The #1 single and the rest of their music was immediately yanked at most
mainstream country radio stations, either out of righteous indignation or just
to avoid public outcry. It’s ironic that it was a sympathetic song about
a young soldier, because now the band (and Maines in particular) were widely being
painted as unforgivably anti-military. Maines & co. could argue that opposing
a questionable military operation is sort of pro-troops – is risking soldiers’

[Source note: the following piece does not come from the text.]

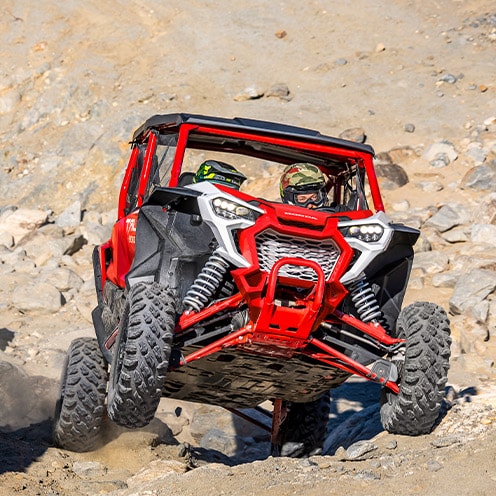 Longer wheelbase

lives worth this particular goal? – but there wasn’t much point in arguing at
all. A decade and a half or so later most of the conservative media and fanbase
would chuck the Bush legacy under the bus anyway in favor of amped-up Trump-era
belligerence, but I doubt the Chicks grudge has subsided much. They’d mostly
have to rely on the NPR crowd going forward, making do with various side
projects and the occasional reunion album or tour. They remained a big-money
draw but a big chunk of their potential audience was gone forever.
NOTE: For anyone who'd like to read further on the Dixie Chicks, Toby Keith, and various other artists who stoked the political climate of country music down the years, I strongly recommend this book, Rednecks & Bluenecks by Chris Willman. It's remarkably well written, researched, and balanced in the sense that I didn't come out of it feeling like Willman was leaning too hard on an agenda or trying to muzzle any of the artists he had access to and interest in. Great read.
Joe
Nichols, who was sort of like a twangier Mark Wills, was considerably less of
an attention-getter but certainly on his A-game with the melancholy but
easy-to-like baritone ramble of “Brokenheartsville.” Just a simple tune with a
memorable hook delivered with a bit of twangy conviction; what a concept.
Darryl Worley was good at that sort of thing too, and had gotten some decent
notice as one of the brighter and more traditionalist new artists in the genre
but he took a big right-field swing with “Have You Forgotten?” Unlike with the extremely
recent Chicks brouhaha, the song itself was intended to be a button-pushing
rally cry, raking the 9/11 coals and shaking listeners by the shoulders with a
plea to not drift into complacent political correctness (yes, of course he
rhymes “forgotten” with “Bin Laden”). Folks within the business were reluctant
to critique it, lest they be stuck in watch-your-back mode alongside the Chicks,
but outsiders widely saw it as a cynical attempt to go along with the government’s
attempts to use vague links between terrorists headquartered in Afghanistan and
the Iraq government to justify an invasion of the latter. Worley co-wrote it,
stood by its explicit message, and minimized its implicit ones, so I’m not
gonna call the guy cynical even if I didn’t care for the song. Enough people
considered it their patriotic duty to listen to it over and over that it spent
six weeks at #1. Unlike Toby Keith, the patriotic hit didn’t ensconce him in
the forefront of the era’s country artists, even briefly. More like Lee
Greenwood, it sort of overshadowed everything else he’d done or would do, but
unlike Greenwood the message wasn’t vague enough to book a battleship gig every
Fourth of July.
If
you were looking for something to lighten things up then tough shit. Randy
Travis was almost a nostalgia act at this point, no #1s since ’94 and not much country
chart action in general, but he’d been dabbling in gospel too and more or less
combined the two with his final #1 “Three Wooden Crosses.” A little morality
tale with a plot twist involving multiple deaths, it mostly sounds lovely but
stumbles over having to use the word “hooker” repeatedly to describe one of the
main characters. I realize that “whore” would’ve sounded meaner and never made
it on the radio and “prostitute” doesn’t fit the meter, so I guess even a voice
as distinctively rich as Travis’ can’t really make any of them work. Or I guess
it could in the moment, because this was his 16th trip to the top at
a point where the industry had written off a guy Garth Brooks himself once
lauded as a savior of country music. Brooks himself was contentedly resting on
his laurels at this point in a self-imposed temporary retirement, possibly born
in part out of a savvy desire to avoid having to struggle for airplay and
relevance the way some of his heroes had to after their biggest moments passed.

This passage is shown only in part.